For police and firefighters the city share is 30 percent of pay, and the employee share is 9 percent of pay. For non-safety workers, the employer share is 17 percent, the employee share 7 or 8 percent depending on the formula.

In union agreements in some cities, current workers are beginning to pay some of their share of the CalPERS payment, allowing the cities to reduce their pension payment by a similar amount.

The new San Bernardino labor agreements only have new hires paying the employee share. The report suggests that the city could cut costs by urging current workers to pay the employee share or possibly even a 50-50 split with the city.

Could bankruptcy be avoided by taking a harder line with unions, delaying repayment of the internal funds, raising revenue as suggested in the report or bridging the usual “dry” period in tax revenue with a loan or reduced paychecks to be backfilled later?

A bankruptcy filing may get some challenges. But the city, battered by a changing economy and political infighting, apparently has allowed itself to slide into a deep financial hole.

Simpson told the council that salary and benefits are expected to cost $126 million this year, exceeding the projected $120.4 million in revenue available to cover not only employee costs but other general fund city programs and services as well.

But again there is no supporting detail. Attachments to the 45-page budget analysis that might contain crucial data were not posted on the city website for review by skeptical citizens.

Some glitches raise doubt about whether the analysis was prepared with care. Page 36 begins in mid-sentence, “realized from the issuance of POBS,” with no apparent connection to the final sentences at the bottom of page 35.

A passage on page 35, repeated from page 23, is an error: “In San Bernardino, city-paid pension costs have grown from $1 million in FY 2006-07 to $2.2 million in the upcoming FY 2012-13 budget. Costs are projected to grow to 2 % in FY 2013-14.”

A reader might guess that the numbers are for retiree health care, which are not listed in the report.

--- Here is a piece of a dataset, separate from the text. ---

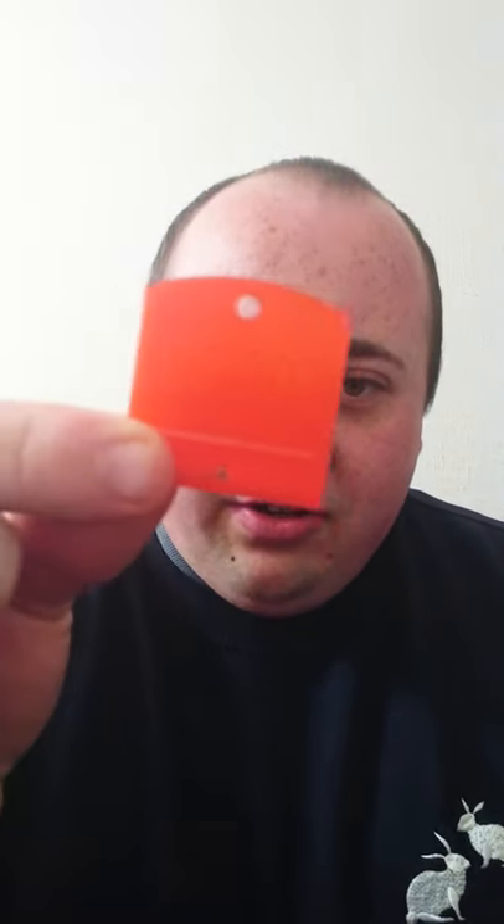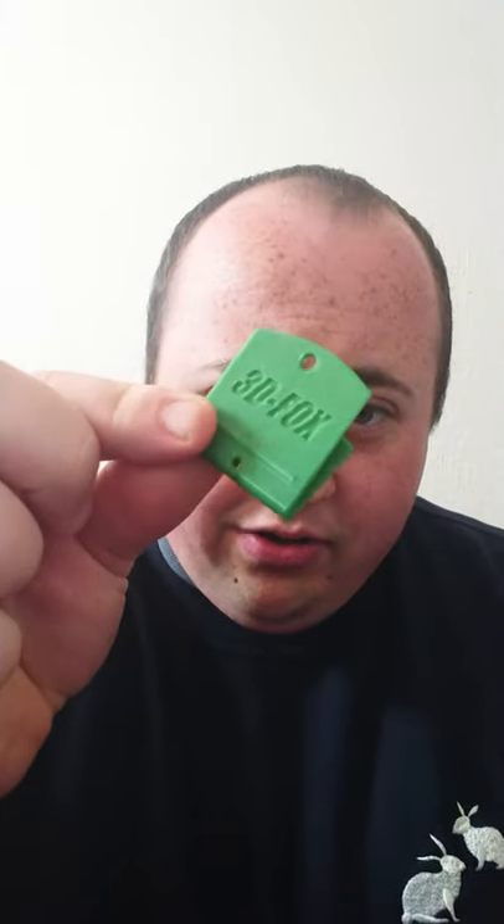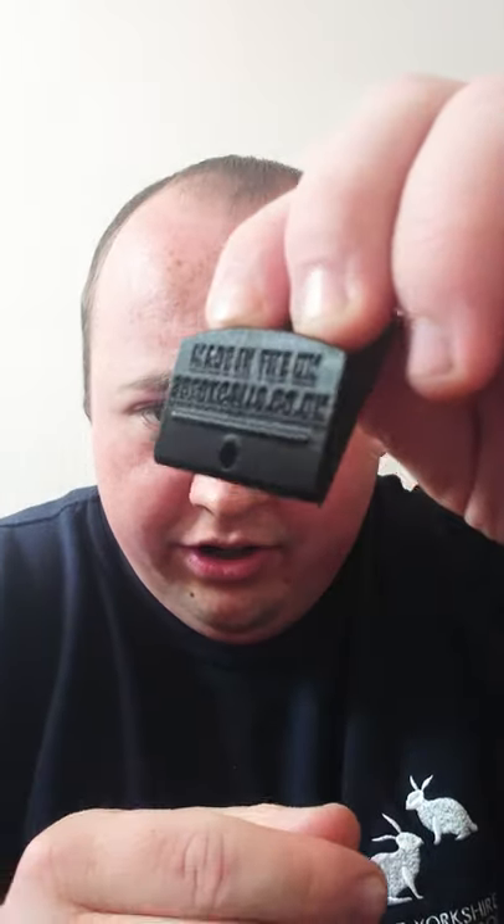We've got six color ranges for this: Flame Orange, Blood Red, Tango Orange, Kingfisher Blue, Grass Played Green, and Midnight Black. On the back they all say 'Made in UK' and '3dfoxcalls.co.uk', which is a nice touch.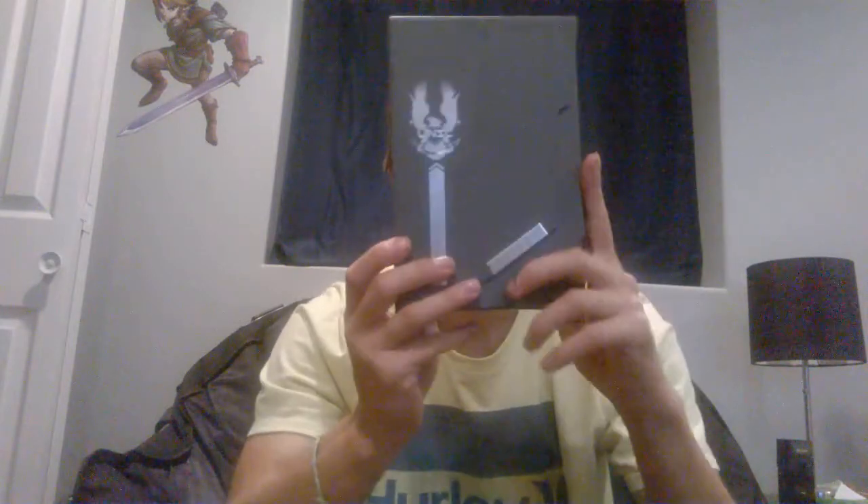So we got this outer case first, which is pretty cool, and it all comes in this really sweet case. It says UNSC right there, Halo 4, and it's magnetized so it just folds up like that when you want to open it.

A chart on page 36 shows city pension costs climbing to about $23 million a year in 2008 and then leveling off.

In one of several moves to give the public a better view of its operations, CalPERS (in addition to webcasting board meetings) has begun posting the annual pension valuations of more than 1,500 employers with 2,200 plans.

The annual San Bernardino safety plan employer contribution for police and firefighters was 28.3 percent of pay last year, increased to 30.1 percent in the new fiscal year and is expected to be 31.9 percent in fiscal 2016-17.

But that assumes CalPERS hits its old investment earnings target of 7.75 percent, lowered in March to 7.5 percent. If investments lose 3.64 percent a year, the employer contribution in fiscal 2016-7 is expected to be 46.9 percent.

In California public pensions, the employer, and thus the taxpayer, is responsible for covering investment losses. The employee pension contribution is regarded by some as a “vested right,” protected by contract law, that can only be increased if employees get a benefit of equal value.